Source:
https://scmp.com/business/companies/article/2131266/hong-kongs-hang-lung-properties-sees-2017-underlying-profit-fall
Business/ Companies

Hong Kong’s Hang Lung Properties sees 2017 underlying profit fall on declining China mall rental income

Including a revaluation gain, net profit rose 31 per cent, and the developer expresses confidence in its outlook

Including a revaluation gain, net profit rose 31 per cent, and the developer expresses confidence in its outlook

Hong Kong developer Hang Lung Properties, which owns the Fashion Walk shopping area in Causeway Bay and eight shopping centres in China, reported a 13 per cent fall in 2017 underlying profit, citing fewer property sales and a decline in rental income from its mainland China business.
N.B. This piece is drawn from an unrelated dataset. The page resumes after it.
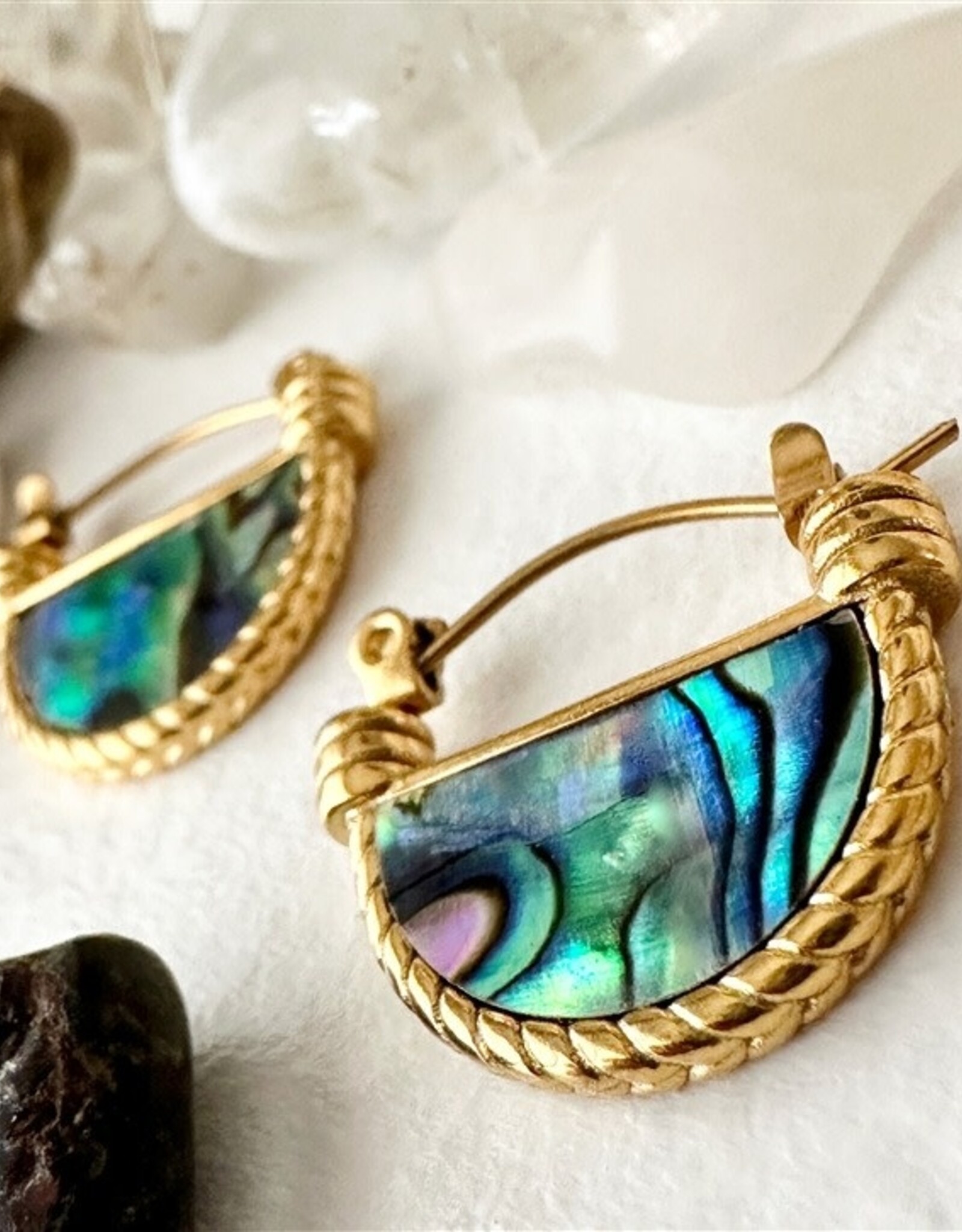 "Mykonos" Fan Hoop Earrings in Gold and Natural Shell - Abalone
Underlying profit for the year, which excludes revaluation gains in investment properties, dropped to HK$5.53 billion (US$707.3 million), although net profit jumped 31 per cent to HK$8.12 billion after a revaluation gain of HK$2.59 billion, above the range forecast by analysts in a poll by Reuters of HK$3.59 billion to HK$7.1 billion.

It will pay a final dividend of 58 HK cents, unchanged from last year. Turnover fell 14 per cent to HK$11.19 billion.

Its profit from property sales declined 30 per cent to HK$2.23 billion in 2017. In 2017 it sold just 226 units of The Long Beach housing estate in southwest Kowloon; one semi-detached house at 23-39 Blue Pool Road on Hong Kong Island, and the last duplex unit of The Harbourside apartment complex in West Kowloon.

“Don’t underestimate the difficulty of this market,” said company chairman Ronnie Chan Chi-chung, noting its volatility and saturation by financially strong players with years of experience.

Chairman of Hang Lung Properties, Ronnie Chan Chi-chung, speaks on the company’s 2017 earnings. Photo: Xiaomei Chen
Chairman of Hang Lung Properties, Ronnie Chan Chi-chung, speaks on the company’s 2017 earnings. Photo: Xiaomei Chen

“No one should expect Hong Kong to be a low priced real estate region. It will not happen.”

He said that Hong Kong players would still dominate the local market, with some of the mainland Chinese developers who had moved in being pushed out again.

“I believe the major Hong Kong players will still be the dominant ones in the next five years.

The company also citied difficult conditions in mainland China.

“We have just come out of one of the worst luxury retail environments I have ever seen and we still grew, just not much for the last few years,” Chan said, talking about Hang Lung’s shopping centres. “Now it is recovering and it will take a little bit of time for it to be reflected in our numbers.”

“Some of our properties have a lot of potential to be upgraded with a lot of luxury shops, and those luxury shops have an ability to pay rent that is far better,” he said.

“We as a team are really quite comfortable about our future in the next four years, barring any catastrophic events. I think our rental growth will be very good.”

Its parent company, Hang Lung Group, reported a fall in underlying profit of 12 per cent to HK$3.31 billion for 2017, and declared a final dividend of 61 HK cents, the same as 2016.

Shares in Hang Lung Properties dropped 5.4 per cent to close at HK$20.10 after the results. Hang Lung Group shares lost 2.97 per cent to HK$29.40.